Whether a Non-Resident is Liable to Deduct TDS under Section 194-IA of the Income-tax Act, 1961

This article examines the applicability of Tax Deduction at Source (TDS) under Section 194-IA of the Income-tax Act, 1961, in the context of immovable property transactions involving resident and non-resident parties. It clarifies the distinction between the obligations of resident and non-resident buyers, highlights judicial pronouncements regarding chargeability and extra-territorial application, and addresses practical enforcement challenges. With increasing globalization and cross-border mobility, the taxability and withholding obligations for such transactions hinge on principles of territorial nexus, source of income, and residential status. The article further explores CBDT circulars, procedural compliance hurdles, and practical safeguards, aiming to guide practitioners and taxpayers in navigating TDS obligations in cross-border property deals under evolving Indian tax law.

Introduction

The Indian real estate sector has witnessed increasing participation from non-resident investors alongside resident investors, leading to significant cross-border property transactions. Such transactions inevitably raise important questions under Indian tax laws, particularly in relation to the mechanism of Tax Deduction at Source (TDS). Among these, one area of concern is the applicability of Section 194-IA of the Income-tax Act, 1961, which mandates TDS on payments made by the buyer to a resident transferor for the transfer of immovable property exceeding specified thresholds. While the provision appears straightforward, its interpretation becomes complex when non-residents are involved as buyers in Indian property transactions.

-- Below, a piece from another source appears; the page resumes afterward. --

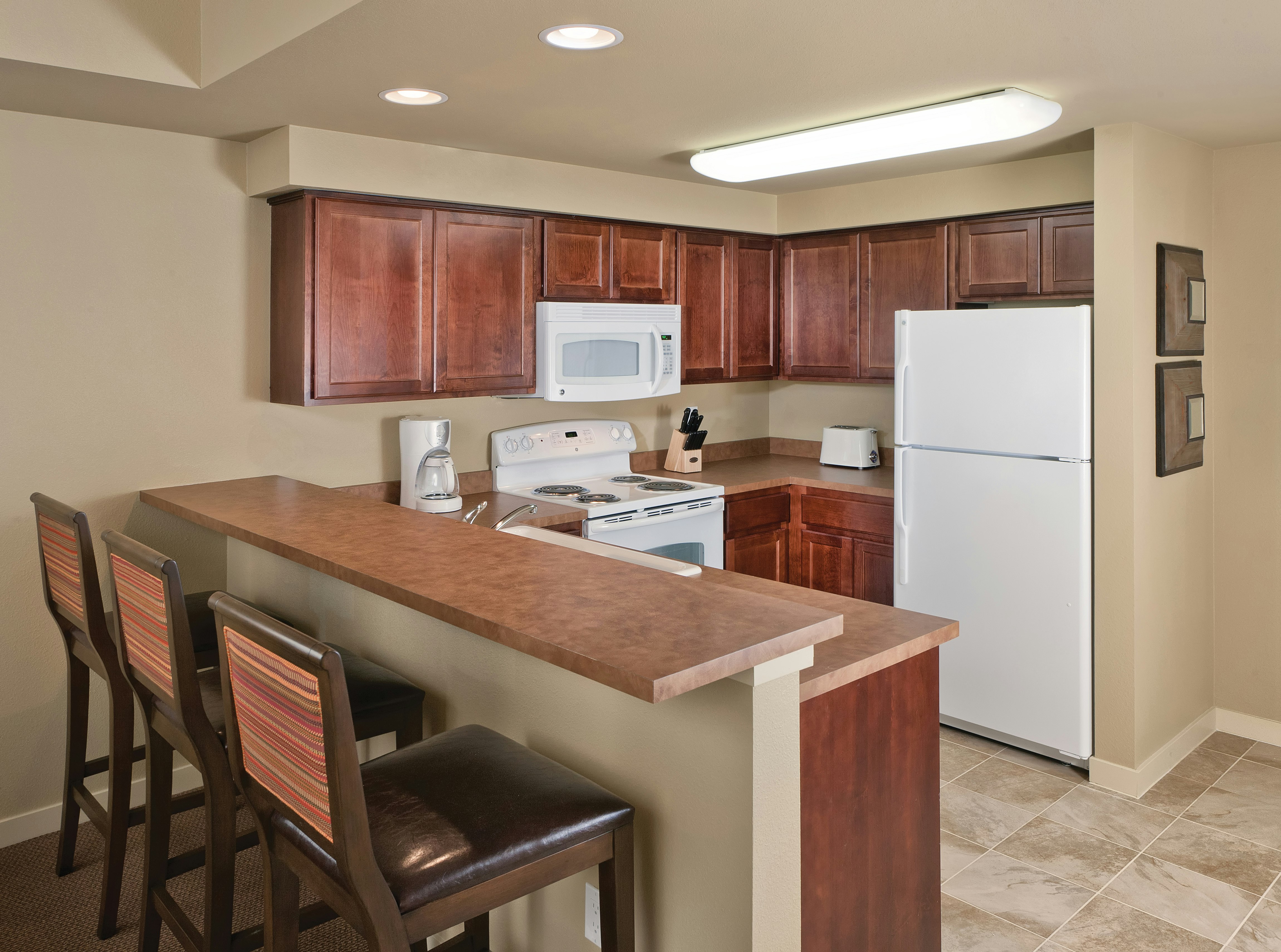 Studio (STU)، WorldMark Granby Rocky Mountain Preserve 2/2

This issue has acquired greater significance in recent years due to increased global mobility, overseas Indians looking to invest in India, and foreign nationals seeking opportunities in the booming Indian property market. Non-resident investors are often unfamiliar with the complex procedural and compliance requirements of Indian tax law, and the potential for unintended non-compliance can create significant anxiety. Moreover, cross-border property transactions touch upon multiple legal regimes simultaneously, including Indian income-tax law, foreign exchange laws, registration rules, and even international tax treaties, adding to the uncertainty. The implications of TDS obligations under Section 194-IA, therefore, are not merely academic but have real-world consequences for non-resident buyers, the property market, and tax administration alike.

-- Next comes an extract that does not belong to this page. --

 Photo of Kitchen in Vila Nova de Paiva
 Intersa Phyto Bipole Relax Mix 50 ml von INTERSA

TDS – A Statutory Collection Mechanism

TDS is a machinery provision designed to collect tax at the time when income either accrues, arises, or is paid. Under Indian tax law, the obligation to deduct tax at source is imposed upon the payer, i.e., the person responsible for making a payment, when it falls within the scope of relevant provisions of the Income-tax Act, 1961.

Section 1(2) of the Act stipulates that the Act extends to the whole of India. The application of the Act, including compliance mechanisms such as tax deduction at source, is territorially bounded. It cannot be enforced beyond Indian jurisdiction unless there is a specific legal nexus. Section 6 of the Act determines the residential status of individuals and entities, and Section 5 outlines the scope of total income for different classes of taxpayers. A non-resident is taxed only on income that accrues or arises, or is deemed to accrue or arise, in India. However, the act of making a payment from outside India by a non-resident for a transaction that occurs within Indian territory does not by itself constitute a sufficient legal or territorial nexus to fasten a TDS obligation, unless the non-resident has a presence in India through a permanent establishment or a business connection.

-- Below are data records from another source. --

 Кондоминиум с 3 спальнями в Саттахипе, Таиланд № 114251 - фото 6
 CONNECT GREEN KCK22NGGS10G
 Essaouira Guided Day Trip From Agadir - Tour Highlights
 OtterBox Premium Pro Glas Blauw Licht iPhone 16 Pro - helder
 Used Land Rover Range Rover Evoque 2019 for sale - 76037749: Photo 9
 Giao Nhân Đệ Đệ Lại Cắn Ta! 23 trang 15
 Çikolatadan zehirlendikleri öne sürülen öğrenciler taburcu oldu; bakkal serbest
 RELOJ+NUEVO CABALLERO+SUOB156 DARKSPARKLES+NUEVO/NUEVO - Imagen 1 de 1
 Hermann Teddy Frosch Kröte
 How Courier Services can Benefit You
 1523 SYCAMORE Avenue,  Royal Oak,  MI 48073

The Supreme Court in the case of CIT v. Eli Lilly & Co. (India) Pvt. Ltd. (2009) 312 ITR 225 (SC) has clarified the fundamental principle that the Indian Income-tax Act, 1961, does not have extra-territorial operation unless there is a sufficient territorial nexus between India and the person or transaction sought to be taxed. Relevant extracts are reproduced below:

“On the question of extra-territorial operation of the 1961 Act the general concept as to scope of income tax is that, given a sufficient territorial connection or nexus between the person sought to be charged and the country seeking to tax him, income-tax may extend to that person in respect of his foreign income. The connection can be based on the residence of the person or business connection within the territory of the taxing state; and the situation within the state of money or property from which taxable income is derived (see The Law and Practice of Income Tax by Kanga and Palkhivala, seventh edition, at p. 10)”

The Supreme Court’s decision in this matter affects the way TDS obligations are determined under Indian tax law. It reinforces that TDS obligations can only be imposed where there exists a sufficient territorial nexus between the payer or the transaction and India. Consequently, the Indian Income-tax Act has selectively imposed TDS obligations on non-residents only in clearly defined situations, where either the source of income lies in India or the payer has a presence in India.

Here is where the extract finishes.